В Москве царила предпогромная атмосфера. Евреям опасно было выходить на улицу, в школах избивали еврейских детей. Моему младшему сыну Давиду кричали в школе: «Убирайся в свой Израиль», чем он премного гордился. А одна моя соседка по дому, русская женщина, рассказала мне страшную историю: она пришла в школу за своим внуком, ждала его у школьного подъезда. Вдруг к ней подбежал еврейский мальчик и зашептал:
— Тетя, скажите, что я ваш внук! Они хотят убить меня за то, что я еврей!
Моя соседка привела еврейского мальчика домой. Она, похоже, была потрясена происшедшим.
Особенно тягостно вспоминать, как люди вполне интеллигентные, в их числе и сами евреи, готовы были принять эмгебешный кровавый навет за правду. В точности по Гитлеру: ложь должна быть настолько чудовищной, чтобы никто не посмел заподозрить в ней лжи.
Но, как и всегда, благородство, смелость, честь не умолкали намертво, и их голос значил для нас, беззащитных изгоев, больше, чем вой осатанелой своры погромщиков.
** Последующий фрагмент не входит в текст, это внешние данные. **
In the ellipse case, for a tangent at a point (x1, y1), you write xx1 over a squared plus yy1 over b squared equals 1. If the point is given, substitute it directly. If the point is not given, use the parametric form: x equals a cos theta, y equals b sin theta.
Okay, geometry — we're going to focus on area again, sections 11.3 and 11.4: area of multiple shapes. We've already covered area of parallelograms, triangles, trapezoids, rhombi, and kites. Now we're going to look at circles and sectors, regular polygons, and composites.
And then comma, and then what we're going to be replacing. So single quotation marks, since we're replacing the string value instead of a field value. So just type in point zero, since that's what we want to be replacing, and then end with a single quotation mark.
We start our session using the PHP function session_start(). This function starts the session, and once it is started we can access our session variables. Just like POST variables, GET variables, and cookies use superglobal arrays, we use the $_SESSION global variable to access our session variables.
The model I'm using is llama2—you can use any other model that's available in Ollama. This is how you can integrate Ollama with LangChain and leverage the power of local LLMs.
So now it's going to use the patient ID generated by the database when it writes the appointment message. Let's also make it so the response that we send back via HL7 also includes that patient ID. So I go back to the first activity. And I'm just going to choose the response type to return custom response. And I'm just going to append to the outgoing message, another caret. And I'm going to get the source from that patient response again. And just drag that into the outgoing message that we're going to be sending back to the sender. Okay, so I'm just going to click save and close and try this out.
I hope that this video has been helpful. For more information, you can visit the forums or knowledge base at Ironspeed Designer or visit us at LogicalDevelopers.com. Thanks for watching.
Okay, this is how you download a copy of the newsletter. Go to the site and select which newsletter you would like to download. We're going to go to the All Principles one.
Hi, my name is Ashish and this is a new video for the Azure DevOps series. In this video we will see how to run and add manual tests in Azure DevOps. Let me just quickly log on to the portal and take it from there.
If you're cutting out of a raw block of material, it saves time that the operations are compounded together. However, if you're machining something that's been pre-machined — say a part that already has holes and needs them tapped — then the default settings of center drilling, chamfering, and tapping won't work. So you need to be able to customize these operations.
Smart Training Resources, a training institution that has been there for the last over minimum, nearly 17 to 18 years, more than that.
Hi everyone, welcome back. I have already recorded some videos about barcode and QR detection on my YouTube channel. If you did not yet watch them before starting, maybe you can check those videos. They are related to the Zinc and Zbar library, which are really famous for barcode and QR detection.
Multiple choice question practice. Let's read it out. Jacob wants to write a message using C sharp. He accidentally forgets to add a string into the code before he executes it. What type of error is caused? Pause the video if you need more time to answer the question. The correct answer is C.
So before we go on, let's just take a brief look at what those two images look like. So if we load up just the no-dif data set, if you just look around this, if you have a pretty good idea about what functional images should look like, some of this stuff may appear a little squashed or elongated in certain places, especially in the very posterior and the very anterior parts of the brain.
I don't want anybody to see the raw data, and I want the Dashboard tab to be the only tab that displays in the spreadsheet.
Я никогда не забуду одной мимолетной встречи в коридоре филологического факультета Московского университета. Симон, который был уже на последнем, пятом курсе, решил во что бы то ни стало защитить дипломную работу после того, как у нас взяли подписку о невыезде: он понимал, что наши дни на «свободе» сочтены, а потому хотел поторопиться с защитой до того, как нас арестуют. Ему удалось уговорить заведующего кафедрой классической филологии разрешить защиту, хотя, по правилам, дипломные работы защищались в следующем, весеннем семестре. Я пришла в университет вместе с сыном: мне хотелось побывать на этом, по-видимому, последнем в нашей семейной хронике мало-мальски радостном событии. У дверей аудитории к нам подошла Жюстина Севериновна Покровская, вдова академика Михаила Покровского, классика и романиста с мировым именем, преподававшая латинский и греческий языки. Громко, на весь коридор, она сказала:
— Что же это делается! Ведь это страшнее дела Бейлиса! Тогда хоть протестовать можно было, а теперь все молчат, все молчат!
Только те, кто пережили вместе с нами черную зиму 53-го года, способны понять, какой неслыханной, фантастической смелостью были эти слова. Они тем драгоценнее, что были сказаны русским человеком.
И еще об одном смелом, благородном поступке хотелось бы мне вспомнить. У Симона был близкий друг, товарищ по университету Александр Сыркин. Его отец, известный химик, член-корреспондент Академии Наук Яков Кивович Сыркин и мать, Мариам Вениаминовна, предложили усыновить Давида, чтобы спасти его от ссылки. Мы отказались, прежде всего, потому, что не хотели подставлять под удар этих прекрасных людей.